Ricci, in attendance Wednesday, had his reverse discrimination claim rejected by Sotomayor and two other appeals court judges. The Supreme Court overturned that ruling late last month.

Sen. Lindsey Graham, R-S.C., said Ricci "deserves his chance to tell the American people about how he felt about being denied his promotion, and why he filed suit and what he did to make himself a better candidate for the test."

Sotomayor has said repeatedly that her panel was bound by precedent, an assertion that was challenged in an opinion by fellow Judge Jose Cabranes, her one-time mentor.

In 10 hours of questioning over two days, Sotomayor has warded off frequent attempts to get her to weigh in on any major issue that could come before her as a justice.

In one lengthy exchange with Sen. Tom Coburn, R-Okla., a prominent abortion opponent, Sotomayor firmly declined to give her opinion in a hypothetical case involving a woman who learns her 38-week-old fetus has spina bifida, a potentially serious birth defect.
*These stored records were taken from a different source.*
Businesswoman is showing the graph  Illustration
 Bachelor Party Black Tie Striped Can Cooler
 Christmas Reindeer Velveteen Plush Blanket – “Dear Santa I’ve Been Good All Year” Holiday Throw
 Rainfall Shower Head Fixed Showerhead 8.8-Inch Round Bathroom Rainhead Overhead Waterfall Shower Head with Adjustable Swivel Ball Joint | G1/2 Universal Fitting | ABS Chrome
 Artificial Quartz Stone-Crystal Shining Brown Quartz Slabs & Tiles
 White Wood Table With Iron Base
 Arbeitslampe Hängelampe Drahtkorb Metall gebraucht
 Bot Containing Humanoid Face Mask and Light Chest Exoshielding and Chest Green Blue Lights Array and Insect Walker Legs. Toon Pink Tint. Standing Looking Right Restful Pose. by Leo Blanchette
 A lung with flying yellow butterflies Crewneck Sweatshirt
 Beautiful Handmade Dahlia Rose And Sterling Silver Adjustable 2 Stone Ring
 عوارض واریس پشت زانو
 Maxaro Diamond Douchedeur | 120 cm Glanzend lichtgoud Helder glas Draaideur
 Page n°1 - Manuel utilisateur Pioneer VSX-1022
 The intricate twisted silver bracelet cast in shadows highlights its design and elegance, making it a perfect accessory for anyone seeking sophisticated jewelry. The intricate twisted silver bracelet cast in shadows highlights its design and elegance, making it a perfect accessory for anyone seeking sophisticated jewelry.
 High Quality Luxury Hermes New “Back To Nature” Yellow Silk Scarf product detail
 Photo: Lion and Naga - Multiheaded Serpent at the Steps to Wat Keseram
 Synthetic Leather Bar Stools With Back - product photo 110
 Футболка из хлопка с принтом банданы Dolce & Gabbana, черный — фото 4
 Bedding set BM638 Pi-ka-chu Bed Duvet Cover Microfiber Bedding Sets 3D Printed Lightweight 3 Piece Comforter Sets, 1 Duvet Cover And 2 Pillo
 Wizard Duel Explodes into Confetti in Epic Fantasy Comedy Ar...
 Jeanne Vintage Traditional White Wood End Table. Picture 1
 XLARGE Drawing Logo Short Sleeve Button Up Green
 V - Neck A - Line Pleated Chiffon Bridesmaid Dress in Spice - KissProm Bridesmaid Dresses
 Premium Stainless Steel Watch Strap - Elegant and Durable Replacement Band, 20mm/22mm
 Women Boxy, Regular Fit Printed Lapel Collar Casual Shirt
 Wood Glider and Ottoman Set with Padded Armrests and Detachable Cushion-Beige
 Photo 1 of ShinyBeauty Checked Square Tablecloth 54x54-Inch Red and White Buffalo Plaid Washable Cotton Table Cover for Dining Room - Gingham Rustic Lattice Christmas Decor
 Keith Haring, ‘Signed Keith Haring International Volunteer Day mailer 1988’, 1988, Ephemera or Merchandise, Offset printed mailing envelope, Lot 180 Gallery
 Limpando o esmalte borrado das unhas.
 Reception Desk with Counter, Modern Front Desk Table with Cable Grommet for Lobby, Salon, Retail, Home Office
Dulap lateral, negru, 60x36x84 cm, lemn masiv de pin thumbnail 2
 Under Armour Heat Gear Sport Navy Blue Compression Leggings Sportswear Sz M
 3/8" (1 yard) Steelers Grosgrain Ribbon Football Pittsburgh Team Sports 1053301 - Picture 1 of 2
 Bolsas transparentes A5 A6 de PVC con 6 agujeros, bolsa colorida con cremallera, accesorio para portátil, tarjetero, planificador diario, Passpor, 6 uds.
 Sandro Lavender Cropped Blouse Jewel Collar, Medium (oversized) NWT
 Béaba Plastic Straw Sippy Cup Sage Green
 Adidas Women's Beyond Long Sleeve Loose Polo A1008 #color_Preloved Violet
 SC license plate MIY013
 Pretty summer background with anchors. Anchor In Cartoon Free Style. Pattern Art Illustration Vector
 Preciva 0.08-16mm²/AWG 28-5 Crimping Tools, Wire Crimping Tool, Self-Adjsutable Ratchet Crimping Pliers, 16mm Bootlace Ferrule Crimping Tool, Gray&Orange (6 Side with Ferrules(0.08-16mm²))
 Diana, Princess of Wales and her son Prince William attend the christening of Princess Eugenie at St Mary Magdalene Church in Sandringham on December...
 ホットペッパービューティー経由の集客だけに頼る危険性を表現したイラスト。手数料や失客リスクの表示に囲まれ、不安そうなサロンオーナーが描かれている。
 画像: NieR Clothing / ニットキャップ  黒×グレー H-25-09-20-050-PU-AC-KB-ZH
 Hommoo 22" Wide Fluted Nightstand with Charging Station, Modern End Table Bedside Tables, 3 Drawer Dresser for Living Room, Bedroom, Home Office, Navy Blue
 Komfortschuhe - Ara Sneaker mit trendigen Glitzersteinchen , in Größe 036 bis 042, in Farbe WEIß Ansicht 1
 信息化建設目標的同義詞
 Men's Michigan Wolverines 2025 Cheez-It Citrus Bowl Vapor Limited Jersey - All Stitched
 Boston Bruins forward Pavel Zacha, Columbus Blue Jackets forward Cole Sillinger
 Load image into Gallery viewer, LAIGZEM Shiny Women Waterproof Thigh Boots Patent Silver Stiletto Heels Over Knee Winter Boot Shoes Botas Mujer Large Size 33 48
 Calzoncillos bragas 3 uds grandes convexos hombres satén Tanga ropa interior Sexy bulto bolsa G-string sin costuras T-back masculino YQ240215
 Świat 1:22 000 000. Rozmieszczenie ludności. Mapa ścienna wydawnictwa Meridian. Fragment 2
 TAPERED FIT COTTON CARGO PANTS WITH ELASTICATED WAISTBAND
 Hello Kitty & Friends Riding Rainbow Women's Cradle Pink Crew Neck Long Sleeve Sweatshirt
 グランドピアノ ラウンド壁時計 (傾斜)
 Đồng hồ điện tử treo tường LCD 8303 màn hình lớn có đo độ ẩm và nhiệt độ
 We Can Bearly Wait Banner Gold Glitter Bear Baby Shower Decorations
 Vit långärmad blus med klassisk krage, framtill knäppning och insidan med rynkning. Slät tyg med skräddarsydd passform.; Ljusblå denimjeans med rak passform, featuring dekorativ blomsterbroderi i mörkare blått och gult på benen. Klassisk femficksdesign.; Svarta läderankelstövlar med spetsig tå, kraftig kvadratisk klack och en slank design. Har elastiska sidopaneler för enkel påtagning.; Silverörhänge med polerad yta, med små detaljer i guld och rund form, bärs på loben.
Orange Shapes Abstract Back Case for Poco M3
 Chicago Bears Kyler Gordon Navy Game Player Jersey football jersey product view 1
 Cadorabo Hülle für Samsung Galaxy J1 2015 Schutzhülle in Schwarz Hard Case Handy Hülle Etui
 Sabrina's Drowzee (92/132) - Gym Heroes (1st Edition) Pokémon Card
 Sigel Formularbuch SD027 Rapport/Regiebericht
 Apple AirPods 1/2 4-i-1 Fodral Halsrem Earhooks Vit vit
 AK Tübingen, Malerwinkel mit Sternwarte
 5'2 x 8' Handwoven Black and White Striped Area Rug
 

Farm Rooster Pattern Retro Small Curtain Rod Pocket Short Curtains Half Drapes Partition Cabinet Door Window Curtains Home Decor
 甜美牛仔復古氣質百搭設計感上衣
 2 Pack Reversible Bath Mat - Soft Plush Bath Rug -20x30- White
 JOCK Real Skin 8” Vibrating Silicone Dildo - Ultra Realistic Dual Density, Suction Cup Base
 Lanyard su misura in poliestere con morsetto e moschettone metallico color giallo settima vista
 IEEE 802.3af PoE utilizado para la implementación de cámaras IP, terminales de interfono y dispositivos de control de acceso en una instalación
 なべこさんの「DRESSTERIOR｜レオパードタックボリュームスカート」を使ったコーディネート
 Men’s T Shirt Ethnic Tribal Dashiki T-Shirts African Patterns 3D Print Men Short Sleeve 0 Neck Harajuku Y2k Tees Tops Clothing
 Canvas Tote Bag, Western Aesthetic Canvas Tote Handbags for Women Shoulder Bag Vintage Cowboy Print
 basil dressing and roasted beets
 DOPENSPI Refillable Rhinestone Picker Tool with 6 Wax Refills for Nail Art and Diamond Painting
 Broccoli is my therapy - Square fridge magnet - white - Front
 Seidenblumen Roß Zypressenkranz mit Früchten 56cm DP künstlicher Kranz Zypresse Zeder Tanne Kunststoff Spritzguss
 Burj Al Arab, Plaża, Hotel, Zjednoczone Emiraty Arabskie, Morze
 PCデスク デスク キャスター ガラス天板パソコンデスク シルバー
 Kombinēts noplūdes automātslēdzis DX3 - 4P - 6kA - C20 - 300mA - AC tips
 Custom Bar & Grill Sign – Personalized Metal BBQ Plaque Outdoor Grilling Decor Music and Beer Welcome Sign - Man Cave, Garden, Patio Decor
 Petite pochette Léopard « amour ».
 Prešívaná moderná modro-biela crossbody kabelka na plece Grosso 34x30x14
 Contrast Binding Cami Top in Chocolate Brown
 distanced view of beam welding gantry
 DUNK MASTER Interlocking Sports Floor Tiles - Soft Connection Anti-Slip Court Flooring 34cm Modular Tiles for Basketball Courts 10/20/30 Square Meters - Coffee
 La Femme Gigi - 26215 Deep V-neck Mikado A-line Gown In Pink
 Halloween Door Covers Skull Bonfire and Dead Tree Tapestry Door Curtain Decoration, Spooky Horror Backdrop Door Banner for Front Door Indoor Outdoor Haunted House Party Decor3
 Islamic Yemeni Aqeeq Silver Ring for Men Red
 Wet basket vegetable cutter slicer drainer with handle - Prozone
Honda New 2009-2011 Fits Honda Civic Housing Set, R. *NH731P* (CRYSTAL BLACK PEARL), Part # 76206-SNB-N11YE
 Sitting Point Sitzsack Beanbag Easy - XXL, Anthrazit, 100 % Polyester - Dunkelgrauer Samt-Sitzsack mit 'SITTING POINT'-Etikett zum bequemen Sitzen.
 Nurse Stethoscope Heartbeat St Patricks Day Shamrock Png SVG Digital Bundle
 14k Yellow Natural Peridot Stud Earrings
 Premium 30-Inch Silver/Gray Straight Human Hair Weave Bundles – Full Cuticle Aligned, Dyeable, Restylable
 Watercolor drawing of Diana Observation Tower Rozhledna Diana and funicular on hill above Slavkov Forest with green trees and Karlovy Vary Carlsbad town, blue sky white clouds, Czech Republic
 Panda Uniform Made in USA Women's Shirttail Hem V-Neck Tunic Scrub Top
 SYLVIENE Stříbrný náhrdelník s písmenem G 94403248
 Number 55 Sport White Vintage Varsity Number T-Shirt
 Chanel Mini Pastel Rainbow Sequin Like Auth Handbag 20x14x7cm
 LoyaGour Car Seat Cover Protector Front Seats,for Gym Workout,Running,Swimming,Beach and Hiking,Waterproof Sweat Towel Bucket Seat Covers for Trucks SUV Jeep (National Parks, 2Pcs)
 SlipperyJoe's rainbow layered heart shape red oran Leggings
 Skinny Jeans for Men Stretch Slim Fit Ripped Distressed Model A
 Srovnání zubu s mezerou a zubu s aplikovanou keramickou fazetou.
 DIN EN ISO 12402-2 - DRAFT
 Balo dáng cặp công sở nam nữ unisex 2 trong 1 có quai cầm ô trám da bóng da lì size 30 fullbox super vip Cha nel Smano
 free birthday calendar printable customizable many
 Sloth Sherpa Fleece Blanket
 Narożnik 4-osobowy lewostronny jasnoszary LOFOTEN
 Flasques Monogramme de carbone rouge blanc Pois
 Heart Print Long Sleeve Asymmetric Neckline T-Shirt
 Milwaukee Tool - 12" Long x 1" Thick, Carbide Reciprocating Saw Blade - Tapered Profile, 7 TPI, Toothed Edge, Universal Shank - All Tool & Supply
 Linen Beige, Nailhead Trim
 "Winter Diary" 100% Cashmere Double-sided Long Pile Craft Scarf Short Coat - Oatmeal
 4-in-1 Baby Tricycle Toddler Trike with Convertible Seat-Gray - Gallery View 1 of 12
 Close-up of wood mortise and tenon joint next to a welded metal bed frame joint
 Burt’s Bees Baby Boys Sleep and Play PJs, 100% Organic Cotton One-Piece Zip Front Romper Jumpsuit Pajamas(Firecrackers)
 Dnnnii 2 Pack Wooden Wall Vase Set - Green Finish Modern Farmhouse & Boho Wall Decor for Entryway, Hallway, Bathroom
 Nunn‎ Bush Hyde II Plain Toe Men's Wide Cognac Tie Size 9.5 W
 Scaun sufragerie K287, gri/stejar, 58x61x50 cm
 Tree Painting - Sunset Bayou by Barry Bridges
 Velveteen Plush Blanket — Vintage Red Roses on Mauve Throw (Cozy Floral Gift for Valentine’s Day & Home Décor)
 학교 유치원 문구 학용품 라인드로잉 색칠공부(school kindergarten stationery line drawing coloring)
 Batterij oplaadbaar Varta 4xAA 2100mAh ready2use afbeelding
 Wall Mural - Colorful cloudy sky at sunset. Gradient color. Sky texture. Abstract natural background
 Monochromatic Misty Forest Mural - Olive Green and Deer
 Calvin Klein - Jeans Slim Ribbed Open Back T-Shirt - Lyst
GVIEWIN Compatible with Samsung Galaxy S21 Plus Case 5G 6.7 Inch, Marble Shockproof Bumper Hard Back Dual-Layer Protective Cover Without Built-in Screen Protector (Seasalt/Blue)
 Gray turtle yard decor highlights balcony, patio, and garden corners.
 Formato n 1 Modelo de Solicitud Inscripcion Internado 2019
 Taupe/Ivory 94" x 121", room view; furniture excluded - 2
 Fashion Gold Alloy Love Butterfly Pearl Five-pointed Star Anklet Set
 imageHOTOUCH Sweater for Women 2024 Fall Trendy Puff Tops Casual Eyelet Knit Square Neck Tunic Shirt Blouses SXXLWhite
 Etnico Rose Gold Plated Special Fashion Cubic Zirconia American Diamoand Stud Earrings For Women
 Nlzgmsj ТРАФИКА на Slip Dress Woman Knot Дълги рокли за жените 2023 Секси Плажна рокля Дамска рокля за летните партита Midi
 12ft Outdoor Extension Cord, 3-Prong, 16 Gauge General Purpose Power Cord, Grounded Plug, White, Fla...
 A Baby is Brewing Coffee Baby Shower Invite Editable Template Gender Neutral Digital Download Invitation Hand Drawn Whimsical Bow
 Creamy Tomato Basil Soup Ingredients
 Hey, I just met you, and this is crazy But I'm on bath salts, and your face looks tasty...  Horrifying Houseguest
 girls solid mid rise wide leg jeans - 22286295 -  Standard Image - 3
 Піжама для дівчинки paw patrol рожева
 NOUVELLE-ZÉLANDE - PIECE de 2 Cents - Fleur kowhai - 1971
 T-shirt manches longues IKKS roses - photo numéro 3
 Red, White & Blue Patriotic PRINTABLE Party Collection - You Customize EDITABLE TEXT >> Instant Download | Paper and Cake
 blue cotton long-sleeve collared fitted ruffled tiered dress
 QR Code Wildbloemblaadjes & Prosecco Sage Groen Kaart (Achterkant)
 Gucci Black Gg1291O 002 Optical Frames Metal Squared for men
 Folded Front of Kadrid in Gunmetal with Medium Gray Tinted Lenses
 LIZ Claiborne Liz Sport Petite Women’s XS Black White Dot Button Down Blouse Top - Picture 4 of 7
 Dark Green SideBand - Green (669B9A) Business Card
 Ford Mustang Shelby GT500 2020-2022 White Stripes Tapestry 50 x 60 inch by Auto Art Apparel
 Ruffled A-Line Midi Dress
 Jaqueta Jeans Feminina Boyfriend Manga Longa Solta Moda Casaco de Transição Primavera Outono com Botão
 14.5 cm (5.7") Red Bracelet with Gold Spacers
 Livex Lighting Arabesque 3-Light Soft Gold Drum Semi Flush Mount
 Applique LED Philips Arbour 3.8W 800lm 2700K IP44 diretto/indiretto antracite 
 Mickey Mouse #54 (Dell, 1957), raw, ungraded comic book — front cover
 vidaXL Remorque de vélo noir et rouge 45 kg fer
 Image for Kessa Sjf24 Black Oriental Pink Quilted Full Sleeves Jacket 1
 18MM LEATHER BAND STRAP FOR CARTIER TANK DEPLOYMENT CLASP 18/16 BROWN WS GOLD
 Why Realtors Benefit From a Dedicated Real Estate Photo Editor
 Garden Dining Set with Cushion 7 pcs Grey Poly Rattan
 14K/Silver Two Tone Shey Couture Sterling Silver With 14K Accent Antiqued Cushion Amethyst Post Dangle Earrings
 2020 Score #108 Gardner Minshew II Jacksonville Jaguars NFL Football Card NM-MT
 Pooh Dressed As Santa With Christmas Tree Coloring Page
All she would do is relate the state of abortion law as defined by the Supreme Court.

In 1992, the court "reaffirmed the core holding of Roe v. Wade that a woman has a constitutional right to terminate her pregnancy in certain cases," she said, adding that the ruling said the court should consider whether any state regulation "has an undue burden on the woman's constitutional right."

Echoing comments she made on other topics throughout the day, Sotomayor said, "All I can say to you is what the court's done and the standard that the court has applied. We don't make policy choices on the court; we look at the case before us."